Célébration ou commémoration : le cas Céline

Interview pour le magazine L'Histoire, à propos du retrait du cinquantenaire de la mort de Louis-Ferdinand Céline de la liste des célébrations nationales.

D’abord inscrit sur la liste des célébrations nationales de 2011, le cinquantenaire de la mort de Louis-Ferdinand Céline a finalement était retiré de ladite liste par le ministre de la Culture Frédéric Mitterrand. Vous faites partie du Haut comité aux Célébrations nationales. Qu’en pensez-vous ?

Depuis assez longtemps j’avais fait observer au Haut Comité (qui n’est que consultatif…) qu’il serait toujours en position inconfortable s’il ne suggérait pas aux autorités responsables de distinguer, dans son titre, « célébrations » et « commémorations ». Il est opportun, cela tombe sous le sens, de célébrer l’Edit de Nantes et de commémorer sa révocation, de célébrer la déclaration des droits de l’homme d’août 1789 et l’œuvre législative magnifique de la Convention et de commémorer la Terreur. Et ainsi de suite.
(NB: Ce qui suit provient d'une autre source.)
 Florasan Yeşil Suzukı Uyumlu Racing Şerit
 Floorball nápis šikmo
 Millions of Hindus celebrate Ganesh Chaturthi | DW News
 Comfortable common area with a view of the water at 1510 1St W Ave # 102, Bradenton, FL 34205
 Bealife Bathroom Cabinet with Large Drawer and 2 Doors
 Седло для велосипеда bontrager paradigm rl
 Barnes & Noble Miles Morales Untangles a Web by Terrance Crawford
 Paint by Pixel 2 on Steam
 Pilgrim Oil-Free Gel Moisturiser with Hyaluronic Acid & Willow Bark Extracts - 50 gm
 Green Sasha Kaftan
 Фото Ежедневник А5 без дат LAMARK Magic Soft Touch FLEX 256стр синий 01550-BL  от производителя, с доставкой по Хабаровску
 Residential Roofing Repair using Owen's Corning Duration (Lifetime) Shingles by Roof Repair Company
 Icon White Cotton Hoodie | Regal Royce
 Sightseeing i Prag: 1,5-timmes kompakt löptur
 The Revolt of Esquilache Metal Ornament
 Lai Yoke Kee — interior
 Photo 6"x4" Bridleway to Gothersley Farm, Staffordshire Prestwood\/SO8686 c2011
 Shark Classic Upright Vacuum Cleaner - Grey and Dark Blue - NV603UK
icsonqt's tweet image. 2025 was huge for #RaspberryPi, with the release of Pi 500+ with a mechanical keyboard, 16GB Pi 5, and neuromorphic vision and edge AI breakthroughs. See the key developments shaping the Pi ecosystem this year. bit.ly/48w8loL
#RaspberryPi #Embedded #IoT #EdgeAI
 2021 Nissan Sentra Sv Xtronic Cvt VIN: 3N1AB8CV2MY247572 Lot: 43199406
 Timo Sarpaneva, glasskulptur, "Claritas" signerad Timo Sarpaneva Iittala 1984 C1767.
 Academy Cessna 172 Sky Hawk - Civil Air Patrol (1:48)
Si le ministre m’avait consulté, je lui aurais suggéré, plutôt que de revenir, avec éclat  et contrition, sur la place de Céline –grand écrivain et antisémite infâme-  dans la brochure annuelle qu’il avait préfacée, d’annoncer cette modification de l’intitulé du Haut Comité. Ainsi aurait-on évité de paraître répondre, en commémorant le personnage sans le célébrer,  à un souci communautariste en direction du CRIF (auquel le chef de Etat s'apprêtait à rendre visite…) et devoir se positionner par rapport au débat éternel quant au conflit entre valeurs esthétiques et valeurs morales. Laissons ce thème comme sujet pour une dissertation du concours général de philosophie…

J’avais obtenu naguère de mes collègues du Haut Comité que nous ne mentionnions pas Brasillach pour le centenaire de sa naissance. Car son œuvre littéraire est mince. Dans le cas de Céline, le cas de figure est autre. Voilà qui aurait pu être une bonne occasion de préciser les règles du jeu. Je souhaite qu’on y revienne bientôt.